● HOW TO COMPLETE THIS TASK
Transcribe each entry in full, and leave the images out.

Content starts

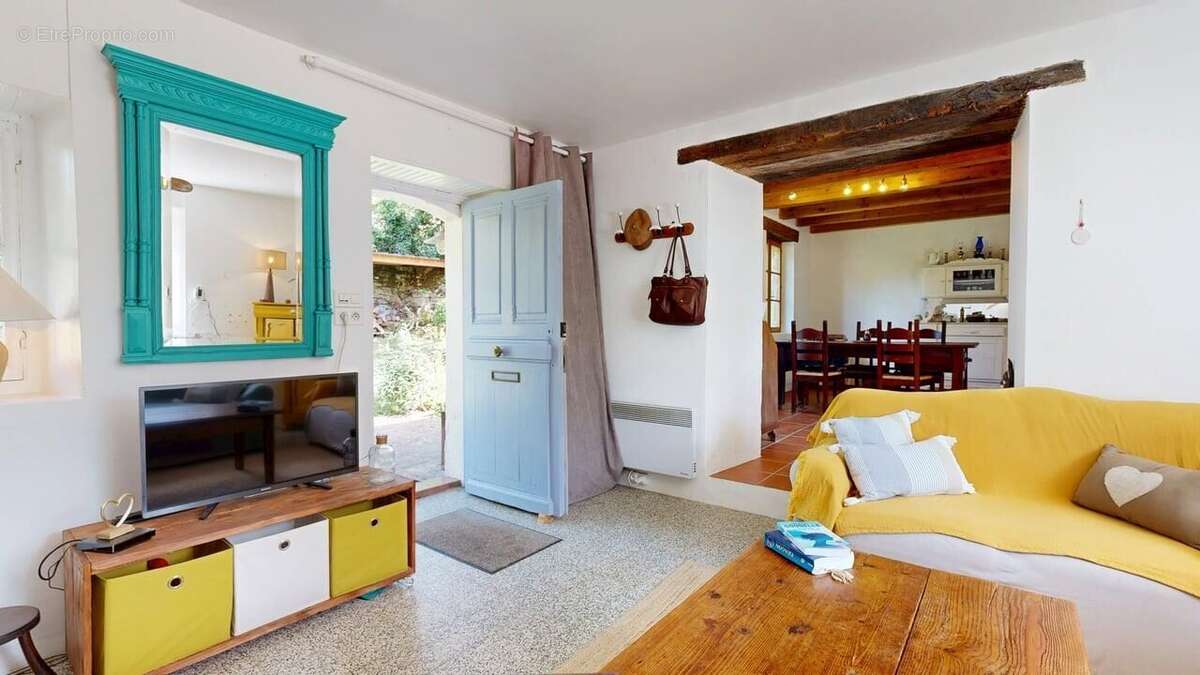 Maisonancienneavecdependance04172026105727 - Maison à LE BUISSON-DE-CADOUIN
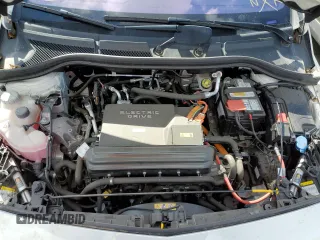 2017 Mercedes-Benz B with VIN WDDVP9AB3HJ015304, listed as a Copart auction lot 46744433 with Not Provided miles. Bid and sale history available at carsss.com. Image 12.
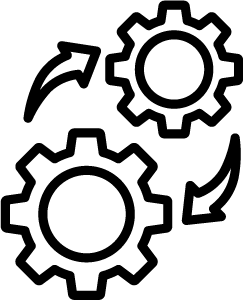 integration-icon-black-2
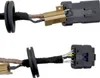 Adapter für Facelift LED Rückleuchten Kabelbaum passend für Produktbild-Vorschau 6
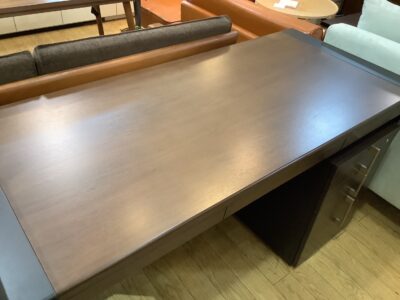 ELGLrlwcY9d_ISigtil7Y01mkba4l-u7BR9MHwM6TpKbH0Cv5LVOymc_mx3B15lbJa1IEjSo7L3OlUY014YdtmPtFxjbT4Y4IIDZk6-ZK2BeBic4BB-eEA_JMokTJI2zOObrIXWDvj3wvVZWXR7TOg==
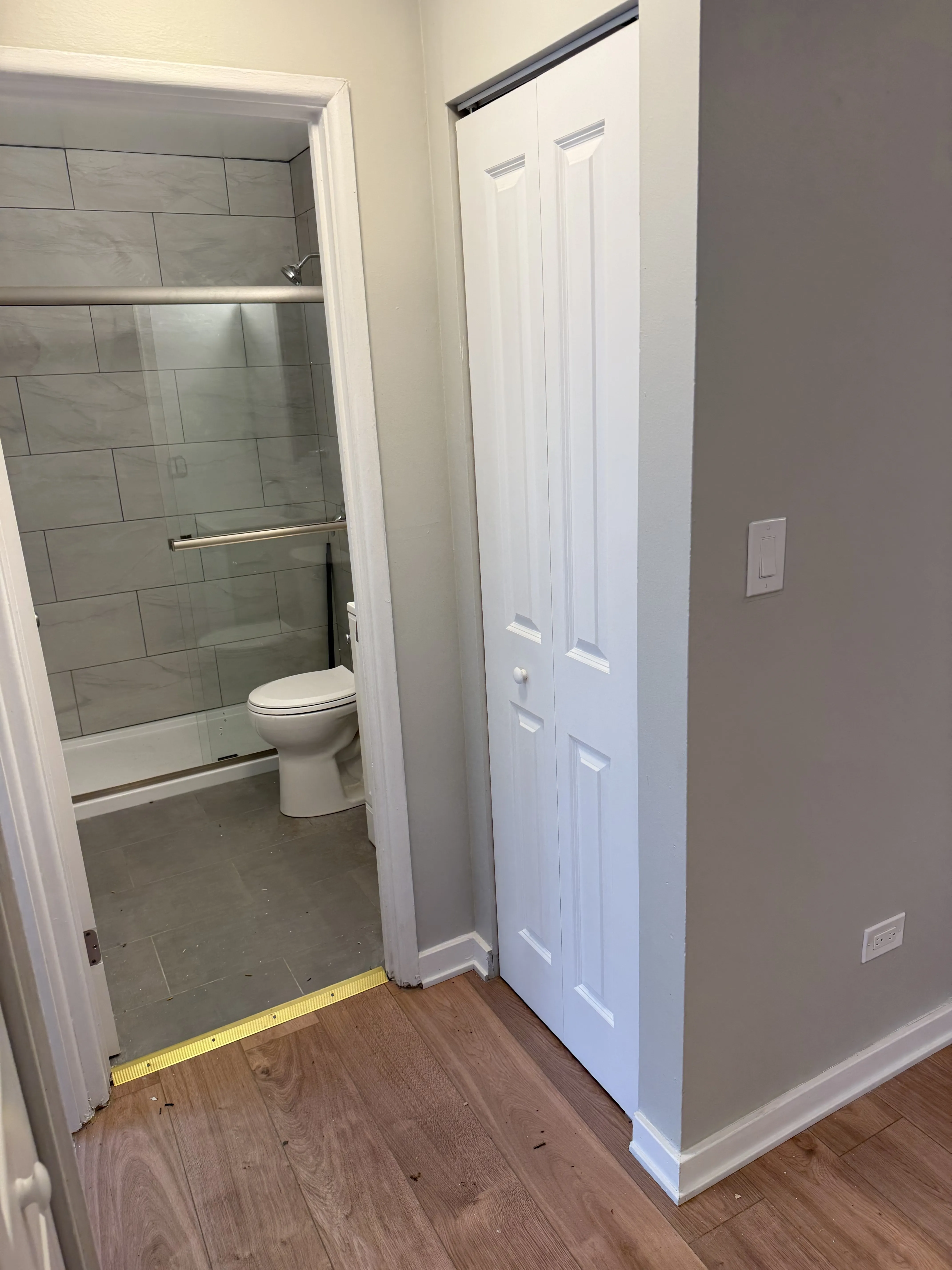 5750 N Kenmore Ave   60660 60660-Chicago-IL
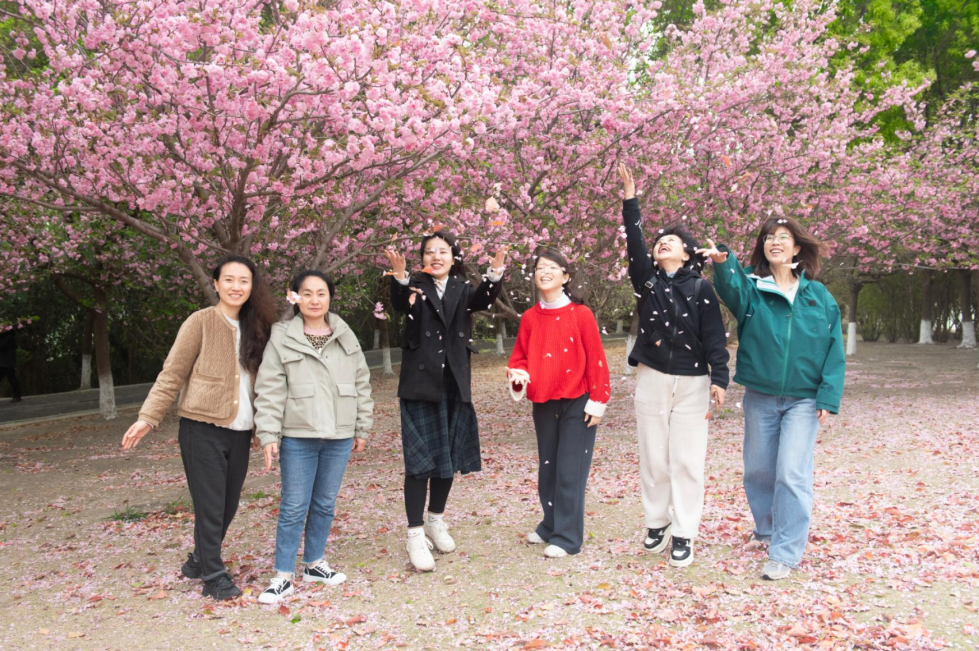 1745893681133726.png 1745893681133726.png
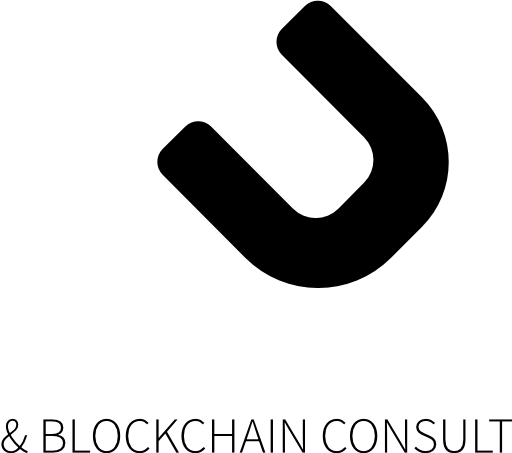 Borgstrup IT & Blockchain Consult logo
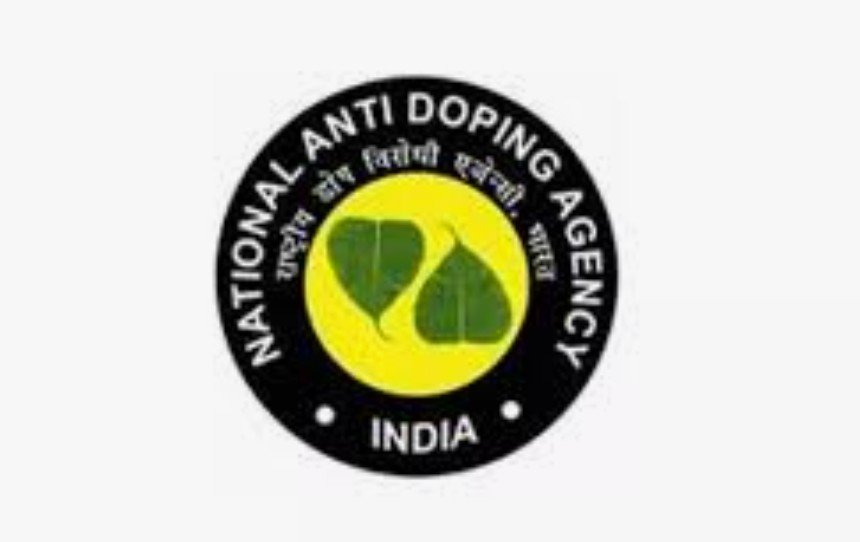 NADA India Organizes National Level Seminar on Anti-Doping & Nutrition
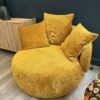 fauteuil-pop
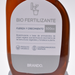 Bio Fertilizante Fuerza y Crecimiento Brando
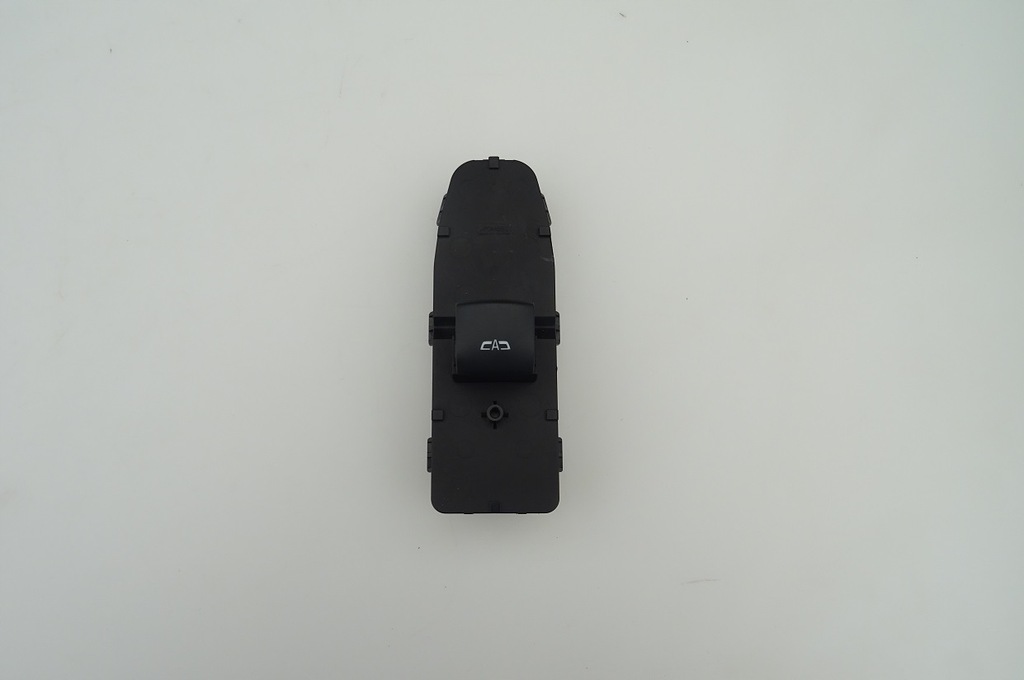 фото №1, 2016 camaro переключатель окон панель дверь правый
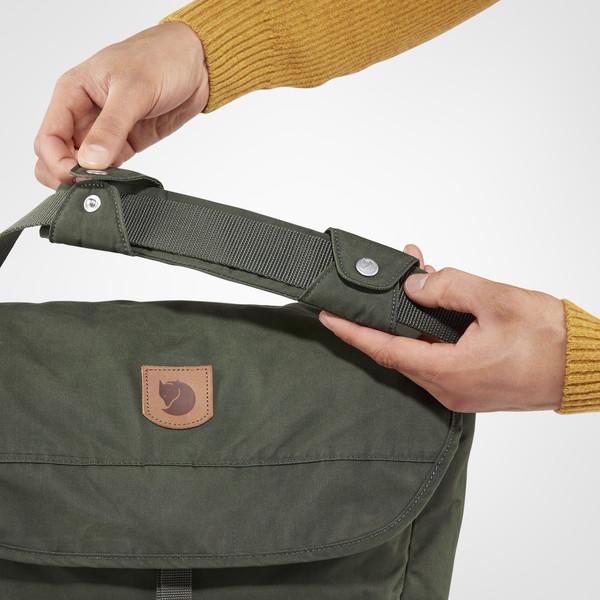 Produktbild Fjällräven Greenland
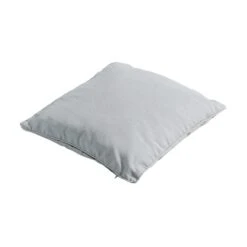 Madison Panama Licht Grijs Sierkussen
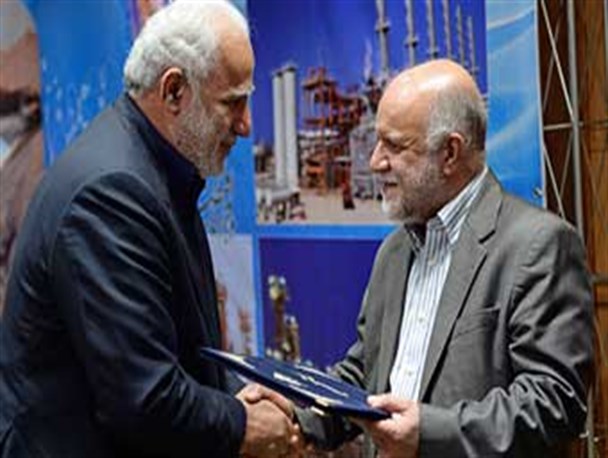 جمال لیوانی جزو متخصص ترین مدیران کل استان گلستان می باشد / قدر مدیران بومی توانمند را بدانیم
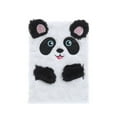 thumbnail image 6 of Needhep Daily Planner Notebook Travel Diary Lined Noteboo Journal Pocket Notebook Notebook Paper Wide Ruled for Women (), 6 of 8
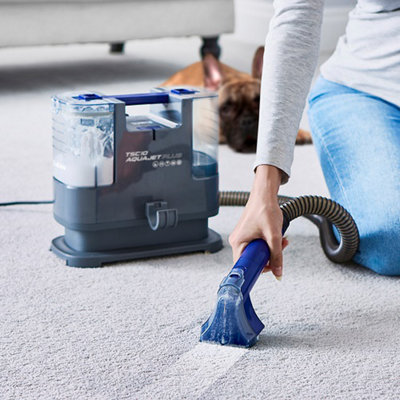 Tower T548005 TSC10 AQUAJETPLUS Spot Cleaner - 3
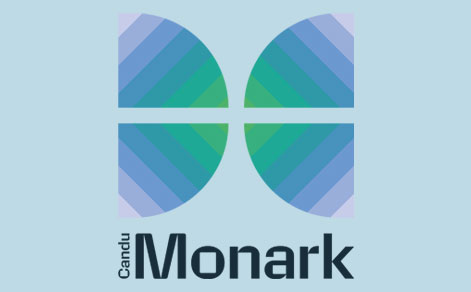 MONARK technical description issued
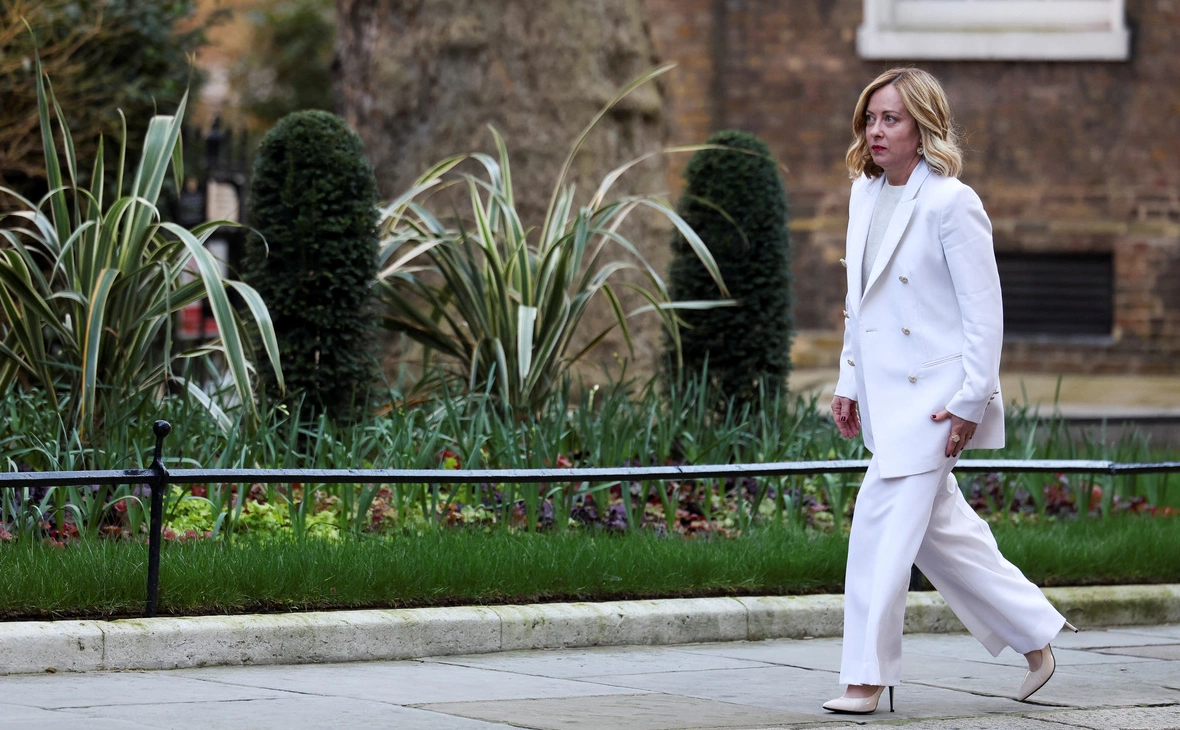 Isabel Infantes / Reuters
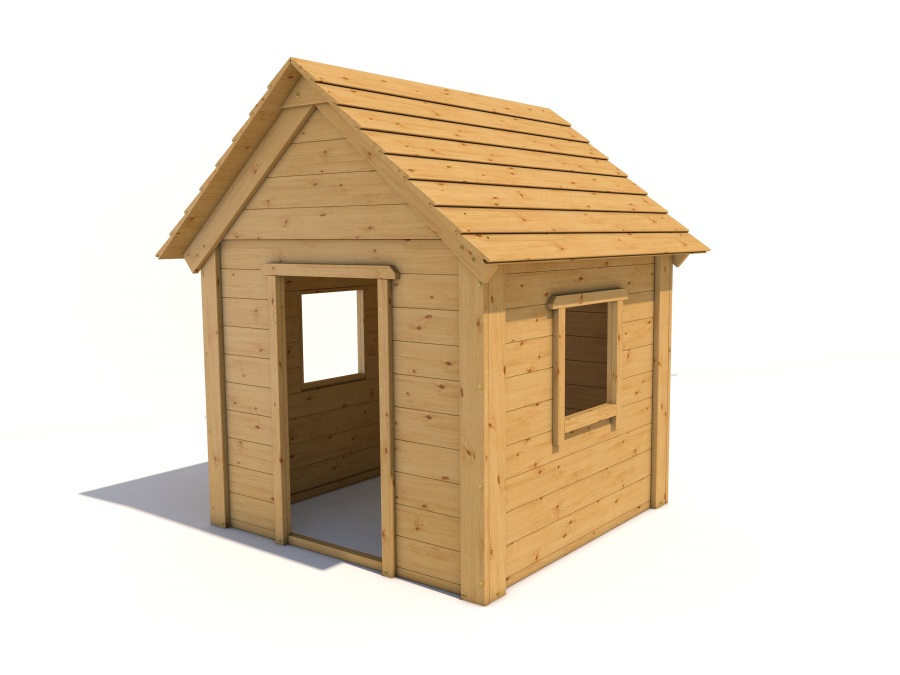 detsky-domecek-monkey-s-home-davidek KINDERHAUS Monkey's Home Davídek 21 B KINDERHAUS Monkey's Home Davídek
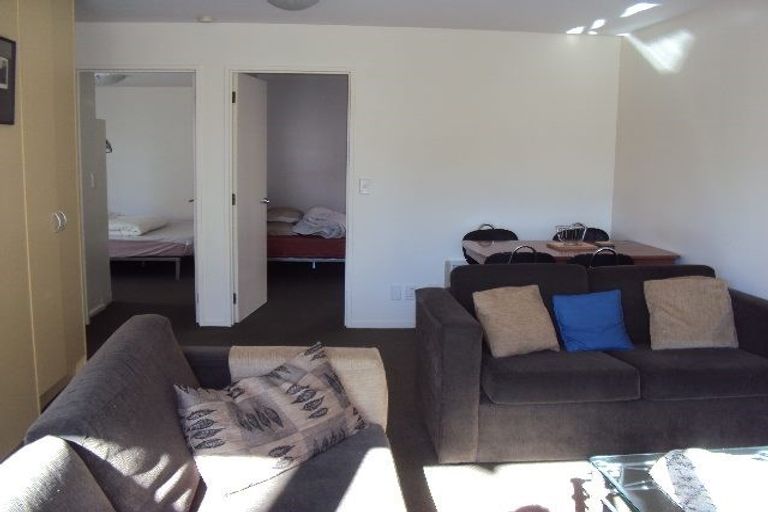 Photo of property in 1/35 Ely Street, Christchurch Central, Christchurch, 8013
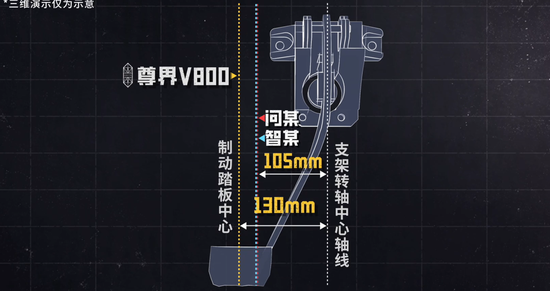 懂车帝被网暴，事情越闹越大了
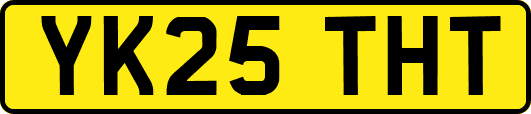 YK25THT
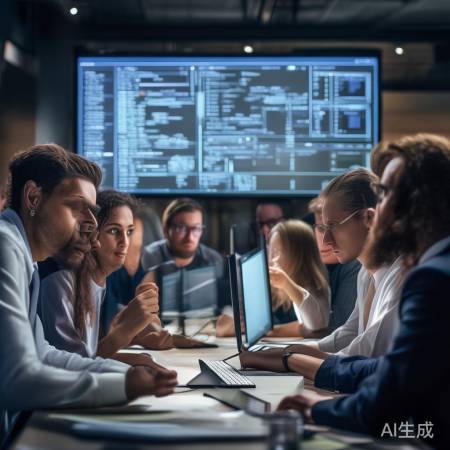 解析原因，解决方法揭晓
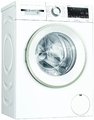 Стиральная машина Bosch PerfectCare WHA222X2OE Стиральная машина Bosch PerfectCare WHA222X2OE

Content ends

● RESPONSE AREA
 Maisonancienneavecdependance04172026105727 - Maison à LE BUISSON-DE-CADOUIN
 2017 Mercedes-Benz B with VIN WDDVP9AB3HJ015304, listed as a Copart auction lot 46744433 with Not Provided miles. Bid and sale history available at carsss.com. Image 12.
 integration-icon-black-2
 Adapter für Facelift LED Rückleuchten Kabelbaum passend für Produktbild-Vorschau 6
 ELGLrlwcY9d_ISigtil7Y01mkba4l-u7BR9MHwM6TpKbH0Cv5LVOymc_mx3B15lbJa1IEjSo7L3OlUY014YdtmPtFxjbT4Y4IIDZk6-ZK2BeBic4BB-eEA_JMokTJI2zOObrIXWDvj3wvVZWXR7TOg==
 5750 N Kenmore Ave   60660 60660-Chicago-IL
 1745893681133726.png 1745893681133726.png
 Borgstrup IT & Blockchain Consult logo
 NADA India Organizes National Level Seminar on Anti-Doping & Nutrition
 fauteuil-pop
 Bio Fertilizante Fuerza y Crecimiento Brando
 фото №1, 2016 camaro переключатель окон панель дверь правый
 Produktbild Fjällräven Greenland
 Madison Panama Licht Grijs Sierkussen
 جمال لیوانی جزو متخصص ترین مدیران کل استان گلستان می باشد / قدر مدیران بومی توانمند را بدانیم
 thumbnail image 6 of Needhep Daily Planner Notebook Travel Diary Lined Noteboo Journal Pocket Notebook Notebook Paper Wide Ruled for Women (), 6 of 8
 Tower T548005 TSC10 AQUAJETPLUS Spot Cleaner - 3
 MONARK technical description issued
 Isabel Infantes / Reuters
 detsky-domecek-monkey-s-home-davidek KINDERHAUS Monkey's Home Davídek 21 B KINDERHAUS Monkey's Home Davídek
 Photo of property in 1/35 Ely Street, Christchurch Central, Christchurch, 8013
 懂车帝被网暴，事情越闹越大了
 YK25THT
 解析原因，解决方法揭晓
 Стиральная машина Bosch PerfectCare WHA222X2OE Стиральная машина Bosch PerfectCare WHA222X2OE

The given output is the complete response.